Subset will wrap the passed Dataset in the .dataset attribute, so you would have to add the transformation via:

dataset.dataset.transform = transforms.Compose([
                transforms.RandomResizedCrop(28),
                transforms.ToTensor(),
                transforms.Normalize((0.1307,), (0.3081,))
            ])

Your code should work without the usage of Subset.

Zain_Ahmad · November 10, 2021, 11:06am

I using the same code but its not working for me…
I have initially created a dataset from ImageFolder and than used random_split to get the train and val sets and than I am trying to apply transformations with the method above but its not working

fibikong · February 18, 2022, 2:55am

I met same problem. I think transformation can’t be applied to dataset.Subset. If you solved this problem, please let me know.

ptrblck · February 18, 2022, 6:35am

Transformations work with Subsets as seen here:

# not recommended approach of setting the transform attribute late
dataset = datasets.MNIST(root='/home/pbialecki/python/data', train=True, transform=None, download=False)

print(type(dataset[0][0]))
# > <class 'PIL.Image.Image'>

dataset = torch.utils.data.Subset(dataset, indices=torch.arange(10))
print(type(dataset[0][0]))
# > <class 'PIL.Image.Image'>

dataset.dataset.transform = transforms.Compose([
                transforms.RandomResizedCrop(20),
                transforms.ToTensor(),
                transforms.Normalize((0.1307,), (0.3081,))
            ])


print(type(dataset[0][0]))
# > <class 'torch.Tensor'>

# recommended approach
transform = transforms.Compose([
    transforms.RandomResizedCrop(20),
    transforms.ToTensor(),
    transforms.Normalize((0.1307,), (0.3081,))
])
dataset = datasets.MNIST(root='/home/pbialecki/python/data', train=True, transform=transform, download=False)

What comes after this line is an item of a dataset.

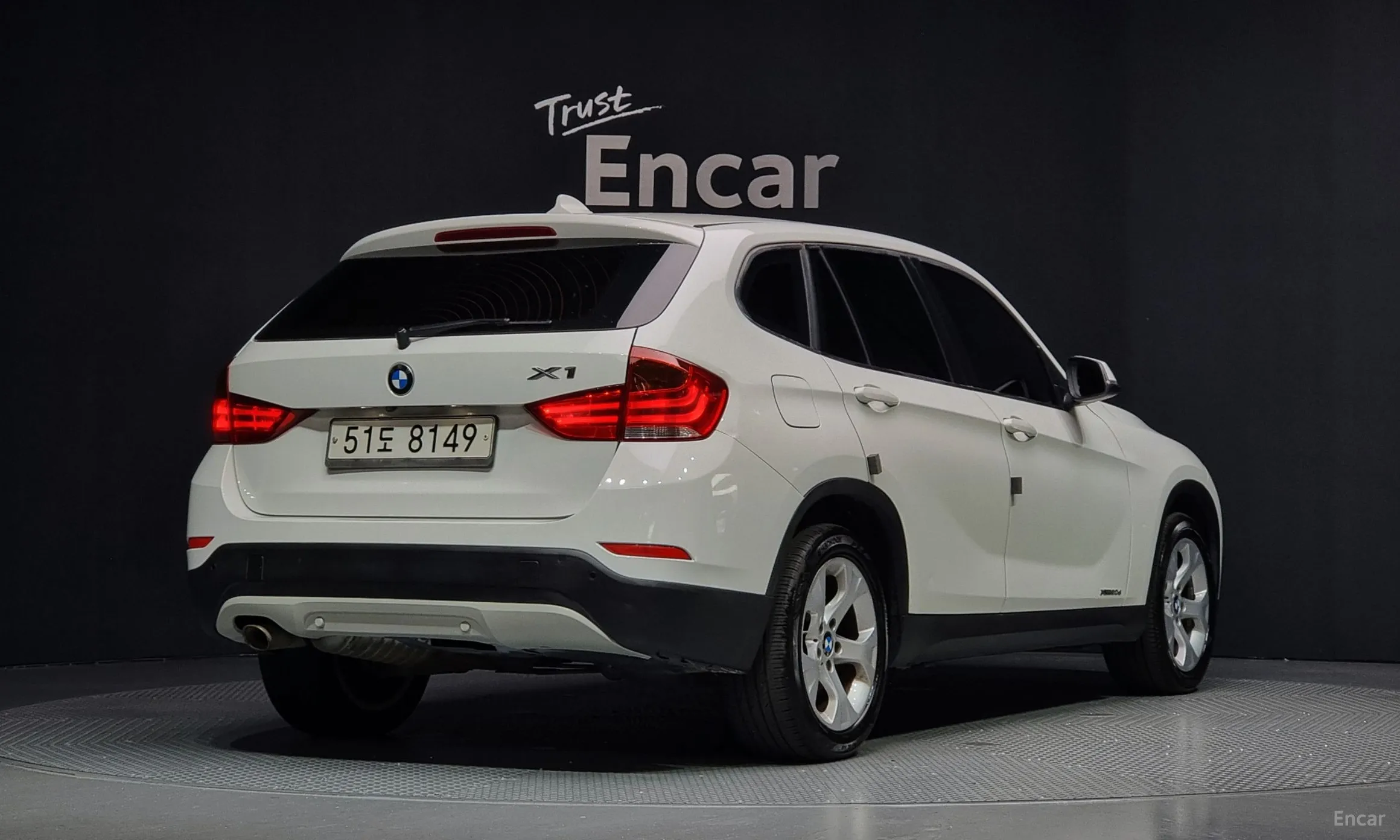 X1 (E84)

print(type(dataset[0][0]))
# > <class 'torch.Tensor'>

dataset = torch.utils.data.Subset(dataset, indices=torch.arange(10))
print(type(dataset[0][0]))
# > <class 'torch.Tensor'>

As previously described: if you want to add the transformation to the internal .transform attribute late (I would not recommend to use this approach) you would have to index the internal dataset via dataset.dataset.transform.

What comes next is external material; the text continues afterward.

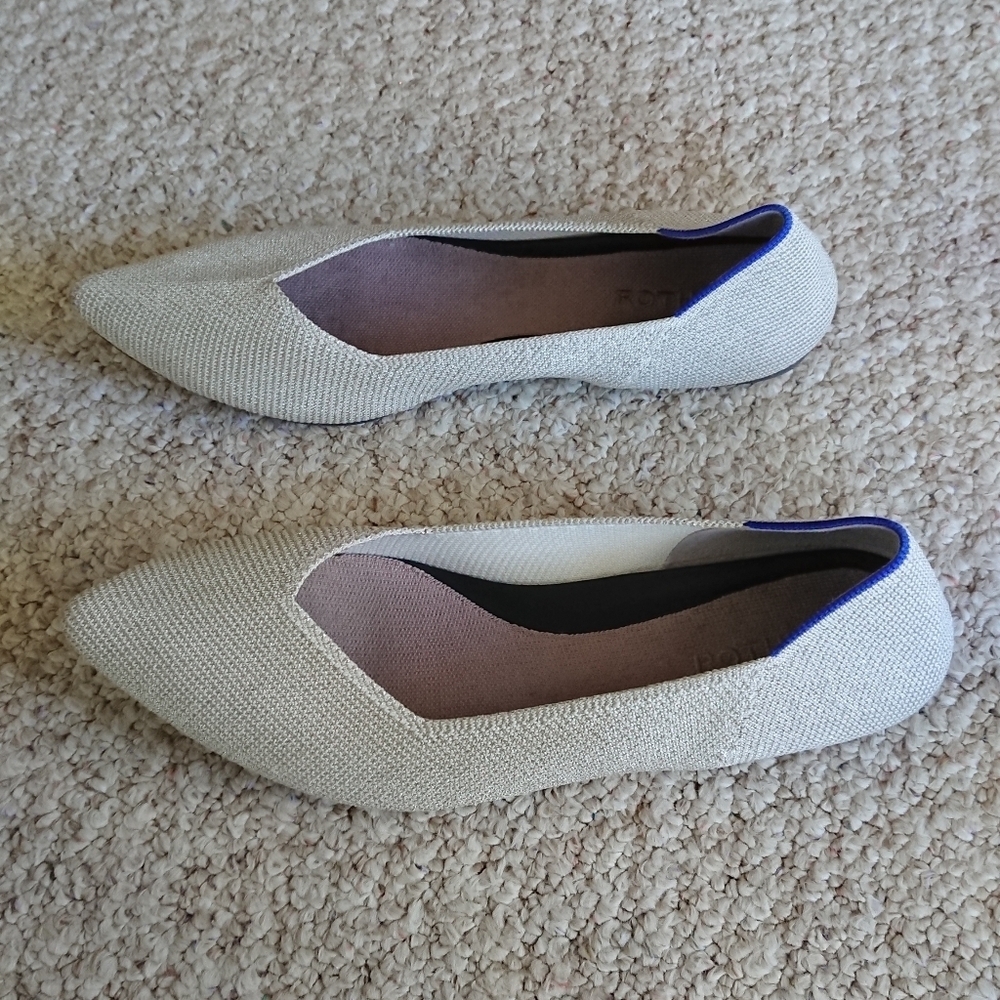 Rothy’s The Point II Flat Diamond Twill in beige and gold size 11.5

fibikong · February 18, 2022, 7:22am

Thanks for your more detailed explanation.
and can I know why you don’t recommend the first approach?

ptrblck · February 18, 2022, 7:25am

Manipulating the internal .transform attribute assumes that self.transform is indeed used to apply the transformations.
While this might be the case for e.g. MNIST other datasets could use other attributes (e.g. self.image_fransform) and you would need to add this manipulation according to the real implementation (which could of course also change between releases).
The right approach is thus to set the transformations once during the initialization of the Dataset and allow the Dataset to handle the transformations internally without depending on its actual implementation.